Group 8 is concerned with what are informally known as the rules on purdah. As the law stands, for the last 28 days—four weeks—of any referendum campaign, the Government is prohibited from publishing general information about the referendum, information that deals with any of the issues raised by the referendum question, or information that puts any arguments for or against any outcome in the referendum or that is designed to encourage voting in the referendum.
The idea of having such purdah rules is well established now in our electoral practices, but we took evidence in the Finance and Constitution Committee that the relevant period for which purdah applies—the last four weeks of the campaign—is too short and should be lengthened. We also took evidence that, in lengthening the purdah period from the last four weeks to the whole of the regulated referendum period, which is 10 weeks, we should narrow the scope of the purdah rules.

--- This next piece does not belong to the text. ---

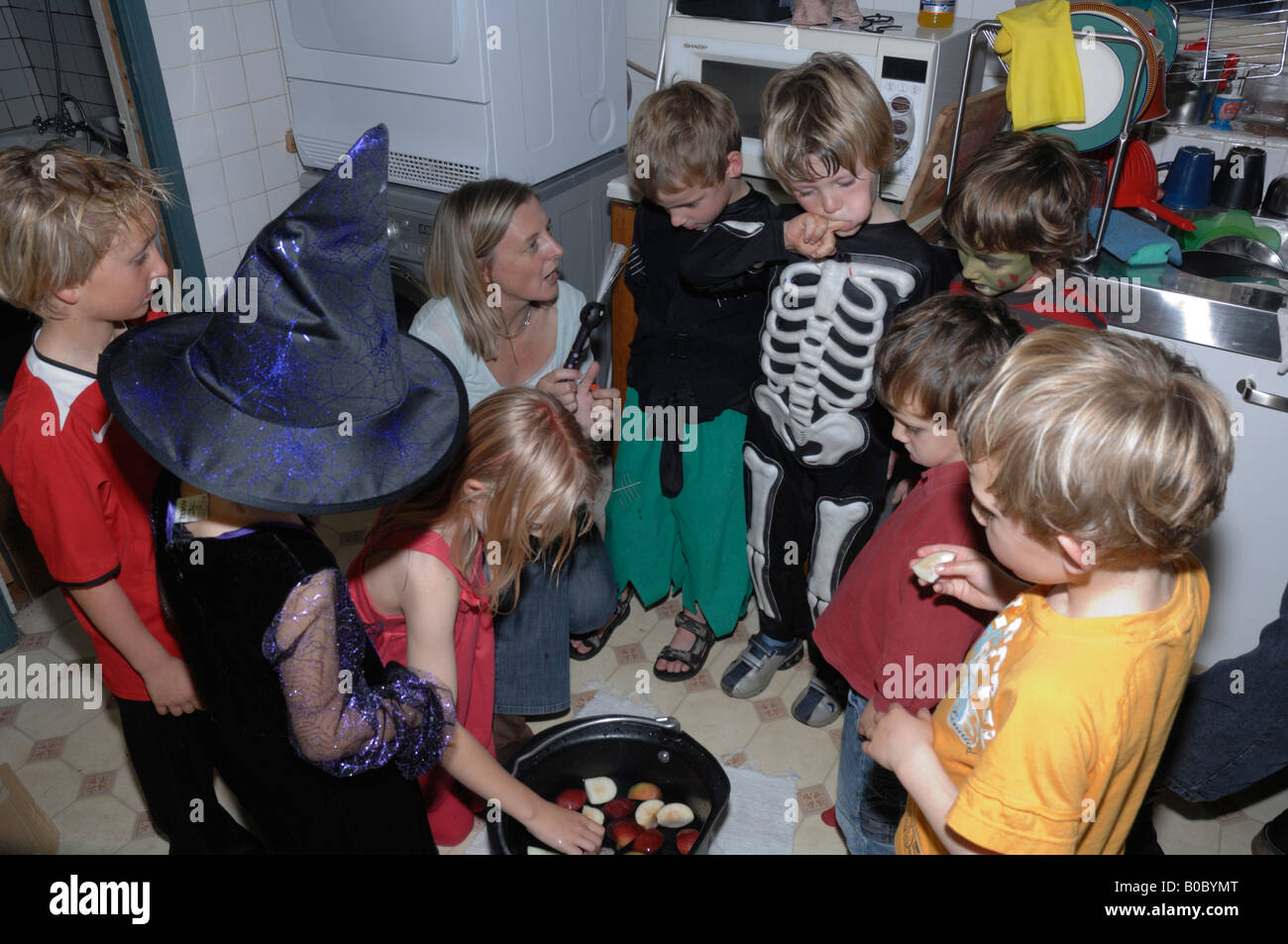 Bobbing for apples halloween hi res stock photography and images alamy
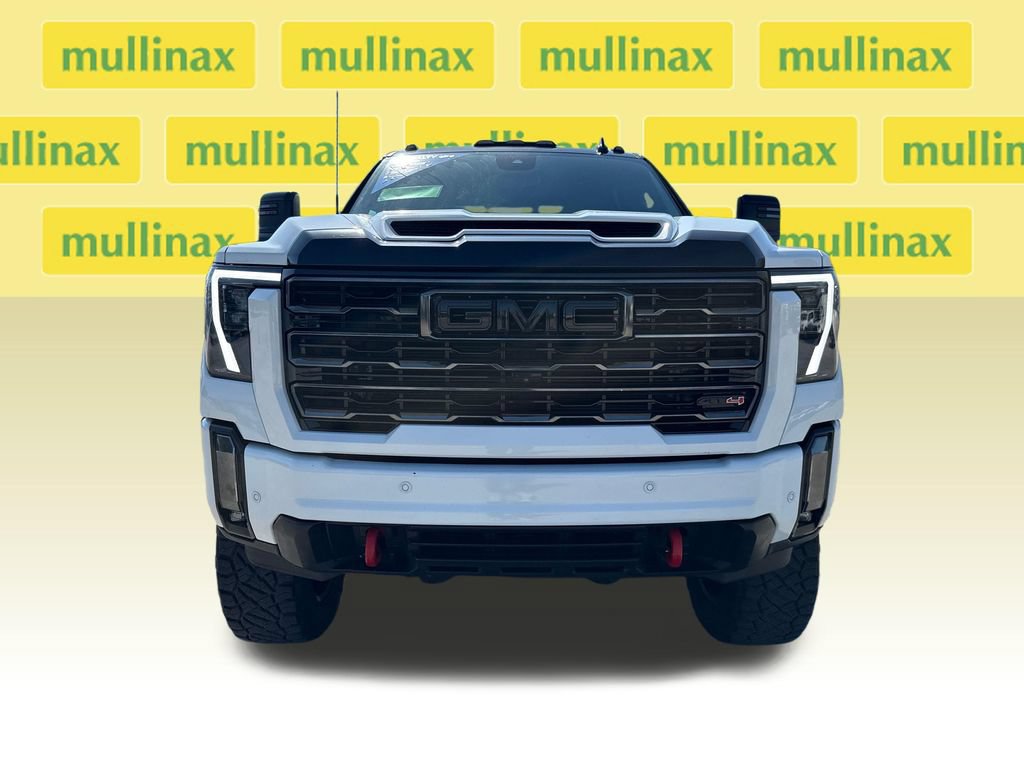 Used 2024 GMC Sierra 2500 AT4 w/ AT4 Premium Plus Package AWD/4WD image 11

Therefore, the force of the amendments in the group is both to lengthen and to thin the rules of purdah so that the Government would be prevented in the last 28 days from providing general information about the referendum and information that is designed to encourage voting in the referendum, and it would be prevented for the whole 10 weeks from providing other information that deals with issues that are raised by the referendum question or from putting any arguments for or against any referendum outcome.
That modest redesign of the rules of purdah was supported by a range of witnesses who gave evidence on the bill to the Finance and Constitution Committee at stage 1, including Alan Renwick of the constitution unit at University College London, who said that given that, as we all know, campaigns begin well before the purdah period,
“the rules do not prevent potentially influential government interventions in the campaign.”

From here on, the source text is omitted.